Il peut être tentant de concevoir la pensée de Charles Taylor comme la médiation manquante entre philosophie de l’esprit expressiviste et sociologie pragmatique. En effet Taylor convoque une théorie de l’esprit et du langage puisée dans une tradition qu’il qualifie d’expressiviste (Herder, Hegel, Wittgenstein) pour proposer une lecture holiste et interprétative des phénomènes sociaux, critique des approches atomistes ou naturalistes. Nous soutiendrons toutefois que cette passerelle ne tient pas, parce qu’elle prend la forme d’une herméneutique politique qui est en réalité incompatible avec une philosophie de l’esprit d’ascendance wittgensteinienne (ce que confirme la lecture du débat de Taylor et Brandom sur Making It Explicit), comme avec les sciences sociales.

14h45-15h30 Stefania Ferrando, Du pouvoir à l’autorité symbolique : rendre explicite l’implicite est une pratique politique.

Ma contribution portera sur le concept de « autorité symbolique », tel qu’il a été élaboré par la philosophe Luisa Muraro. L’explicitation conceptuelle de ce qui est implicite dans les pratiques est d’abord une forme spécifique d’enquête scientifique ou plus largement d’entreprise intellectuelle.
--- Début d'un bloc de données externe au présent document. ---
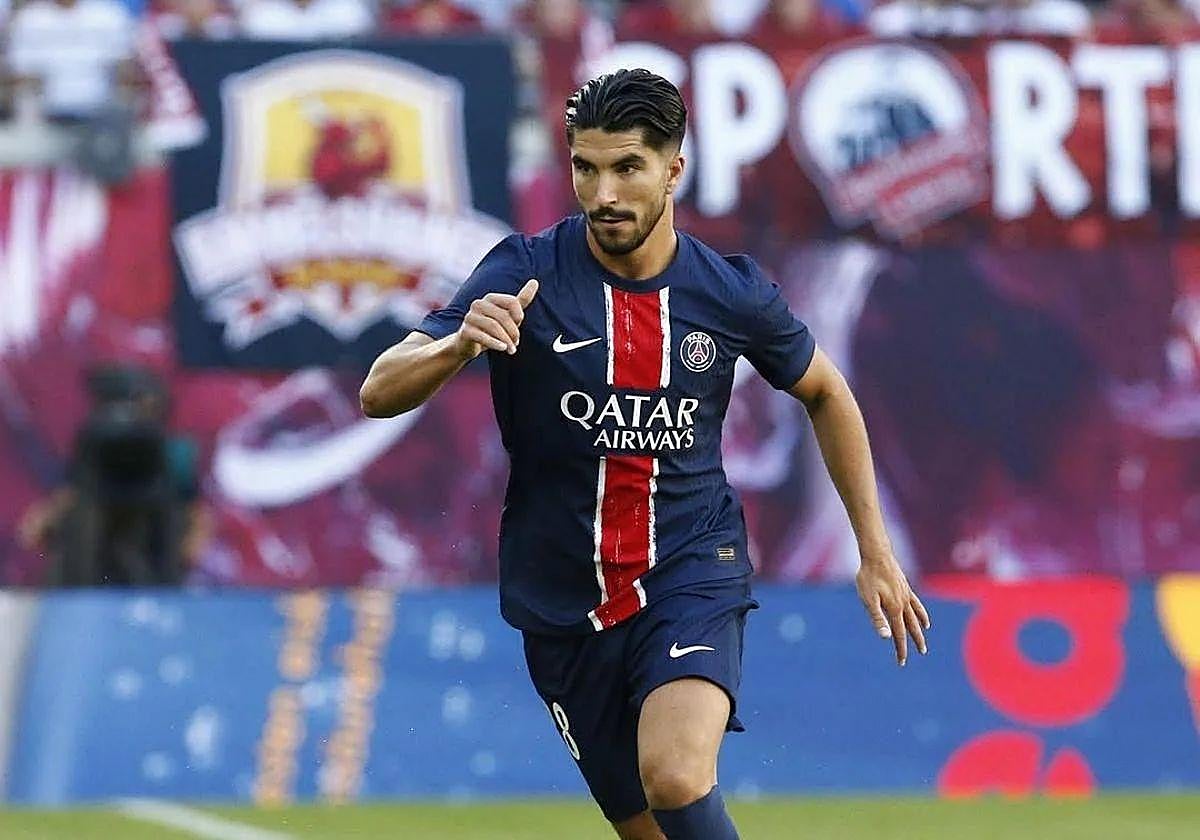 Carlos Soler, pretendido por la Real Sociedad, durante un partido del PSG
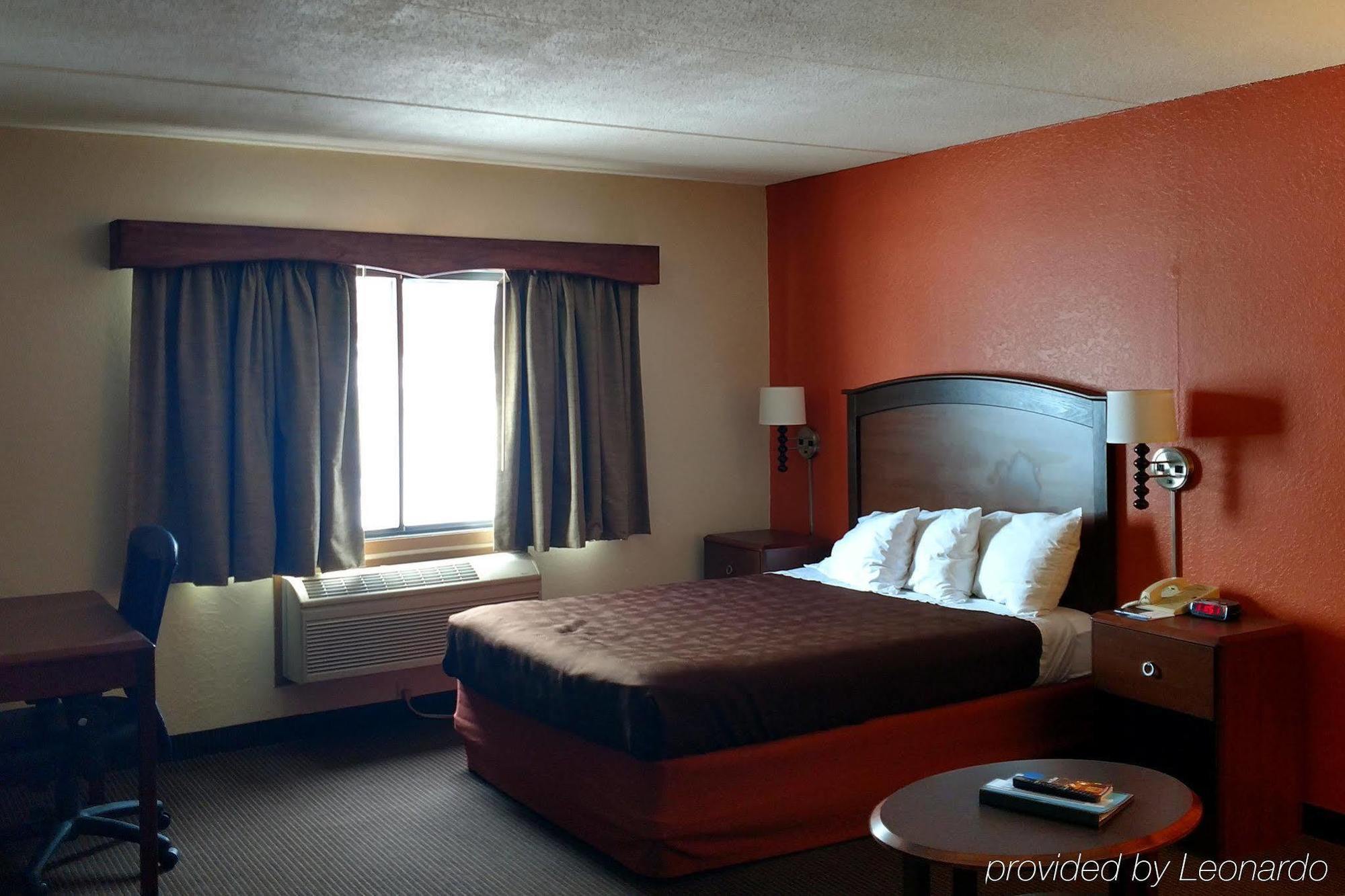 Americinn By Wyndham Iron River מראה חיצוני תמונה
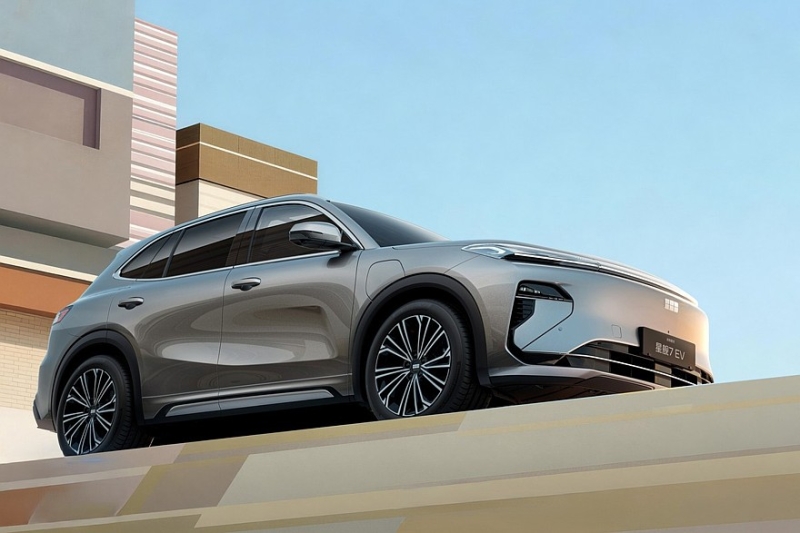 Geely Galaxy Starship 7, который знаком россиянам: новая версия предложена сразу со скидками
Il est toutefois important de reconnaître que, dans l’histoire de certains mouvements politiques modernes (féministes mais aussi ouvriers), cette explicitation réflexive a aussi été intégrée comme un moment central de la pratique politique elle-même.
Quelles sont les conditions pratiques de l’articulation conceptuelle de l’implicite des pratiques dans le cadre de ces contextes politiques ? Parmi ces conditions, on assignera une place centrale à l’émergence de formes d’autorité symbolique, censées permettre une circulation entre le langage et l’expérience qui s’oppose à la prise du pouvoir sur la compréhension et la description de l’implicite des pratiques. Les travaux de la philosophe Luisa Muraro consacrés à la linguistique et à la psychanalyse (Maglia e uncinetto ; L’ordre symbolique de la mère) vont nous permettre d’une part de préciser le concept de « autorité symbolique » et d’autre part de montrer son articulation explicite à partir des pratiques politiques du féminisme radical italien.

15h30-15h45 Pause

15h45-16h30 Edouard Gardella. Sociologie de la réflexivité: à partir d'un article sur la relation d'assistance.

Je partirai d'un article paru dans Sociologie du travail, qui propose une approche réflexive de la relation d'aide ; réflexive au sens du LIER, c'est-à-dire attentive à la façon dont les acteurs manifestent une réflexivité dans le cours de leurs pratiques. L'objectif est de voir comment, à partir de descriptions ethnographiques de situations et de dynamiques d'interactions, on peut en inférer, en tant que sociologue, la normativité de l'agir qui se rend observable dans les pratiques ; le type de pratiques concernées ici étant une relation d'assistance auprès de sans-abri. Je proposerai sur cette base des pistes pour voir comment sociologiser une appréhension de la normativité de l'agir à partir de Brandom.
Les lecteurs pourront se concentrer sur l'introduction (qui pose l'importance de l'observation de la façon dont les professionnels tiennent compte de la réception de l'aide qu'ils prodiguent pour faire passer d'une philosophie du care à une sociologie de la relation d'aide) et la 4e partie de l'article (dans laquelle il y a une longue description d'une situation où la réception de l'aide est incertaine).

16h30-17h15 Cyril Lemieux, Tendances à agir et expressivité sociale (à partir du Devoir et la grâce, 2009, p.112-125).